Les hypothèses économiques prudentes utilisées dans les budgets antérieurs ont été établies de la façon suivante. Avant la publication du budget et la préparation de la Mise à jour économique et financière, on a sondé des prévisionnistes du secteur privé pour connaître leurs attentes quant à la conjoncture économique future. Ces dernières années, cet échantillon était composé de 15 à 21 répondants. Les hypothèses prudentes utilisées par le gouvernement ajoutent 80 points de base aux prévisions moyennes du secteur privé concernant les taux d'intérêt à court terme et 50 points de base aux prévisions moyennes du secteur privé concernant les taux d'intérêt à long terme. Le Comité avait recommandé dans son premier rapport de consultation que le facteur de prudence se situe entre 50 et 100 points de base. Par le passé, le gouvernement s'est servi d'un facteur de prudence aussi bas que 50 points de base pour les taux d'intérêt à court terme.

Cette pratique a eu deux conséquences importantes. Elle a fait augmenter les coûts du service de la dette calculés par le gouvernement et, en conséquence, les estimations formulées quant à la taille du déficit budgétaire - par exemple, une augmentation de 100 points de base des taux d'intérêt réduit l'excédent budgétaire d'un milliard de dollars la première année. L'hypothèse de taux d'intérêt élevés modifie également à la baisse les estimations du gouvernement quant à la croissance économique, et l'amène à évaluer ses recettes à la baisse et ses dépenses à la hausse. Le budget de 1998 renfermait des hypothèses prudentes concernant l'augmentation du PIB nominal, qui était inférieur de 60 points de base à la moyenne prévue par le secteur privé pour 1998 (4,1 p. 100 par rapport à 4,7 p. 100) et de 100 points de base pour 1999 (3,9 p. 100 par rapport à 4,9 p. 100). L'analyse de sensibilité contenue dans ce budget montre qu'une diminution d'un centième de point du taux de croissance nominal réduirait le surplus de 1,3 milliard de dollars. Pour la deuxième année de l'horizon de planification du gouvernement, ces hypothèses prudentes réduiraient le montant de l'excédent évalué par le gouvernement d'environ 1,5 milliard de dollars.

1.1 Réserve pour éventualités

Le deuxième élément d'une budgétisation prudente réside dans l'inclusion explicite d'une réserve pour éventualités. Initialement, le gouvernement s'est servi d'une réserve pour éventualités de 2,5 milliards de dollars pour la première année de son horizon de planification de deux ans et d'une réserve de 3 milliards de dollars pour la deuxième année. Le montant de réserve plus élevé était justifié en raison de la plus grande incertitude que comporte le fait de planifier pour plus loin dans l'avenir. Maintenant, on se sert d'une réserve pour éventualités de 3 milliards de dollars pour les deux années de la période de planification.

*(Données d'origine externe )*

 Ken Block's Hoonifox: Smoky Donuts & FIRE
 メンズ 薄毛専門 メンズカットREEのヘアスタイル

Une réserve pour éventualités de 3 milliards de dollars protège contre les effets de la première année d'une augmentation de 300 points de bases des taux d'intérêt ou d'une diminution de 2,3 centième de point de l'augmentation du PIB nominal. Ensemble, les hypothèses économiques prudentes et la réserve pour éventualités offrent un coussin de sécurité contre le déficit de 4 milliards de dollars pour la première année de l'horizon budgétaire et de 4,7 milliards de dollars pour la deuxième année.

Le gouvernement ne permet pas que la réserve pour éventualités soit utilisée pour financer des dépenses de programme. Si elle n'est pas utilisée, elle servira à réduire la dette nette du gouvernement du Canada. La totalité de la réserve pour éventualités applicable à 1997-1998 a servi à la réduction de la dette.

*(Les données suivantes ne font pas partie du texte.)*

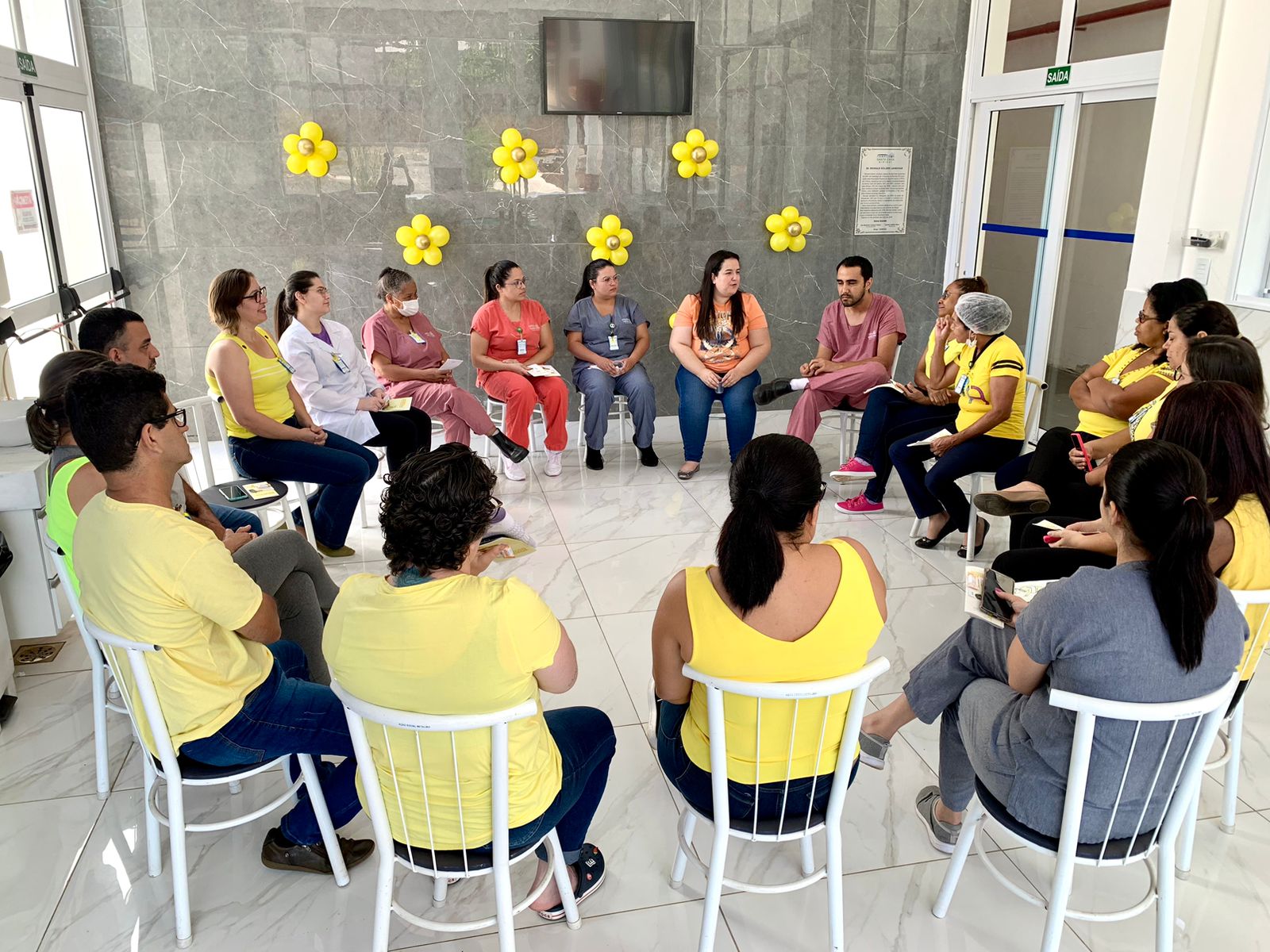 Roda de conversa destaca qualidade de vida e saúde mental no Setembro Amarelo da Santa Casa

Le Comité est d'avis que la pratique de la budgétisation prudente devrait être maintenue - elle est essentielle tant pour réduire la dette que pour réduire le déficit. Qui plus est, bon nombre des risques économiques, financiers et politiques qui existaient il y a quelques années seront encore présents dans l'avenir. La tourmente économique et financière qui agite une bonne partie du monde est un exemple de ce genre de risque. Elle prend naissance à l'extérieur du Canada et échappe à notre contrôle.

Au cours des quelques années où le Comité a tenu des consultations prébudgétaires, on nous a répété à maintes reprises que les gouvernements devaient faire preuve de prudence au moment d'établir leurs budgets. Bien sûr, la prudence est toujours de mise. L'inflation demeure sous contrôle dans la plupart des pays, ce qui diminue d'autant les possibilités de récession déclenchées par une politique monétaire. Mais les perspectives économiques à court terme se sont détériorées au Canada cette année et les prévisions économiques sont devenues plus sombres à mesure que l'année avançait. Bien sûr, l'incertitude politique demeure toujours un facteur à prendre en considération.

L'élimination du déficit ne réduit en rien l'importance de la prudence. Si les déficits fédéraux ont contribué aux risques économiques par le passé, ils ne sont seulement qu'une partie de l'équation. Nous avons encore des gouvernements lourdement endettés et tant que cet endettement ne diminuera pas sensiblement, le secteur public continuera d'être une source de risque financier potentiel. Même si le gouvernement fédéral a fait en sorte que sa structure d'endettement soit plus manoeuvrable, l'ampleur de l'endettement et la lourdeur du service de la dette font en sorte qu'une large part des dépenses gouvernementales continuent d'échapper à son contrôle direct.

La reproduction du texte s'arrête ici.